This is a rather unpleasant situation, and exactly the point where syntactic proofs come in very handy.

Recall the definition of entailment:

$\Gamma \vDash \phi$ iff all interpretations that satisfy all formulas in $\Gamma$ also satisfy $\phi$

or equivalently

$\Gamma \vDash \phi$ iff there is no interpretation that satisfies all formulas in $\Gamma$ but not $\phi$.

This is precisely the kind of universal quantification that makes purely semantic proofs difficult: We would have to establish a proof over the infinity of all the possible structures to check whether the semantic entailment relation does or does not hold.
But now look at the definition of syntactic derivability:

$\Gamma \vdash \phi$ iff there is a derivation with premises from $\Gamma$ and conclusion $\phi$.

The nasty universal quantifier suddenly became an existential one! Rather than having to argue over all the possible structures, it now suffices to show just one syntactic derivation and we're done. (The same applies to the case where we don't have any premises, i.e. $\vDash \phi$ ("$\phi$ is valid" = "true in all structures" vs. $\vdash \phi$ (= "$\phi$ is derivable" = "there is a derivation with no open assumptions and $\phi$ as the conclusion). This is an enormous advantage -- call it "superior" if you want.

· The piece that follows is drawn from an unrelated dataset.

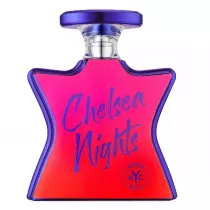 Bond No. 9 Woda perfumowana Chelsea Nights 100 ml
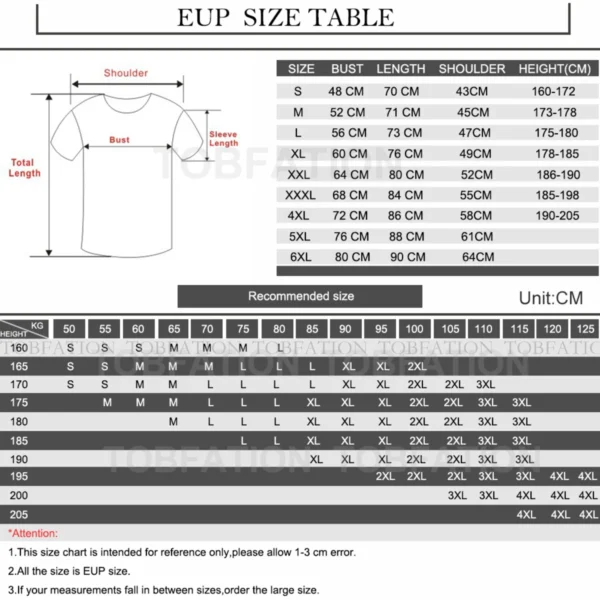 Wing Foiling Retro Vintage Newest TShirts Skysurfing Sky Surfing Extreme Sports Men Style Fabric Tops T Shirt O Neck  - Image 6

Now we have a kind of disparity: For some things semantics is hard whereas syntax is easy, so how can we use this disparity for good?
Luckily, in the case of classical logic, we are equipped with soundness and completeness:

Soundness: If $\Gamma \vdash \phi$, then $\Gamma \vDash \phi$ -- if we found a syntactic derivation, then we know that the entailment holds semantically.

Completeness: If $\Gamma \vDash \phi$, then $\Gamma \vdash \phi$ -- if a semantic entailment holds, then we can find a syntactic derivation.

While any reasonable derivation system will be sound w.r.t. to the language's semantics, completeness is a non-trivial and very powerful result: If we want to prove a semantic entailment, by completeness we know that there must be a syntactic derivation, so we can go find just one such derivation, and as soon as we do, soundness ensures us that this is indeed a proof that the entailment holds semantically. Hence, we can use syntactic proofs to avoid cumbersome semantic arguments that involve meta-logical quantification over all structures. This is pretty neat.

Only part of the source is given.